Regisseur und Drehbuchautor Willard Carroll macht vieles richtig, vieles aber auch falsch, was rückblickend traurig stimmt, hätte The Runestone doch das Zeug zum kultigen Monsterkracher gehabt. In der ersten Hälfte ist der auf einer Novelle des Schriftstellers Mark E. Rogers basierende Streifen recht träge und nicht wirklich stimmig, da sehr uneinheitlich. Der Plot mäandert ziellos dahin, als wüßte man nicht, wohin die Reise geht. Da wird mit dem von Alexander Godunov (Die Hard) gespielten Uhrmacher eine mysteriöse Figur eingeführt, die den Großteil des Filmes im Arbeitszimmer herumsteht, die Stirn runzelt und ominös in die Gegend starrt. Captain Fanducci (Peter Riegert, Animal House) soll als fluchender, PEZ-futternder Polizist wohl so etwas wie ein Comic Relief darstellen, was nicht funktioniert, da seine Sprüche meist lahm sind. Lawrence Tierney (Reservoir Dogs) als sein Vorgesetzter weigert sich partout, die Fakten anzuerkennen ("I'll tell you what it is, Fanducci. It's a big guy in a bulletproof dog suit."), und Lars Hagstrom (William Hickey, Prizzi's Honor) ist der verrückte Alte, den alle ignorieren. Zumindest Tierney und Hickey bereichern allein mit ihrer Anwesenheit den Film. Eine Bereicherung stellt zweifelsohne auch Joan Severance (Black Scorpion) als Martins Ex Marla Stewart dar, da sie ordentlich spielt, hübsch anzuschauen ist und recht sympathisch rüberkommt.

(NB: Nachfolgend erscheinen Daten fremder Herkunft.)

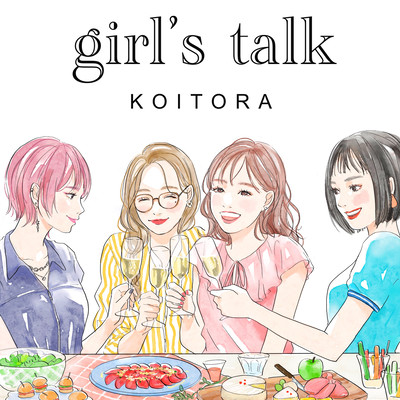 girl's talk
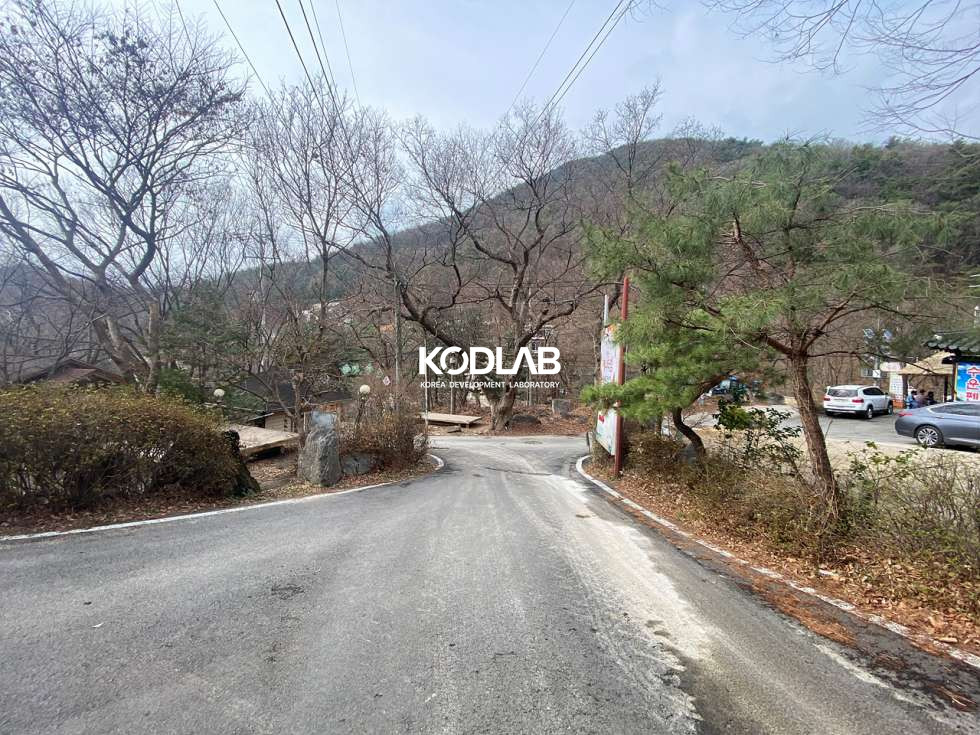 경기 양평군 옥천면 용천리 사나사 계곡앞 위치한 카페 운영중인 옥천면 펜션 매매 매물번호 11272 사진 13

Ganz und gar nicht sympathisch erscheint hingegen Martin, womit man die Möglichkeit verpaßt hat, seinem Schicksal analog zum Werwolfmotiv eine tragische Note zu verleihen. Und Tim Ryan als Marlas Ehemann Sam bleibt so blaß, daß man ihn schon wieder vergessen hat, sobald der Abspann läuft. So zerfahren The Runestone in der ersten Hälfte wirkt, so geradlinig und zielgerichtet ist er dann in der zweiten. Denn ab etwa der Mitte gibt es Monster-Action satt. Der Streifen legt an Tempo zu, das Biest metzelt sich durch die Cast im Minutentakt (der Bodycount ist erstaunlich hoch), ein Set-Piece reiht sich an das nächste. Das Beste davon ist vermutlich das Massaker in einer Kunstgalerie, wo die Kreatur unter anderem ein lebendes Ausstellungsstück - eine Frau mit Lockenwickler und Godzilla-Slipper - attackiert, und die Besucher über den Realismus staunen, weil sie denken, das gehöre zum Tableau. Leider macht Carroll auch hier etwas ganz entscheidendes falsch. So nett die Monster-Randale auch anzuschauen ist, so sehr wünscht man sich, daß sie härter und wuchtiger umgesetzt worden wäre, zumal sie auch fast schon erschreckend blutleer ist. Mit dem roten Lebenssaft wird so gegeizt, daß man den Eindruck bekommt, die SFX-Crew rund um Lance Anderson (Pet Sematary) hätte nur eine Flasche Kunstblut zur Verfügung gestellt bekommen und hätte deshalb das Gros des "Blutbades" notgedrungen ins Off verlagern müssen.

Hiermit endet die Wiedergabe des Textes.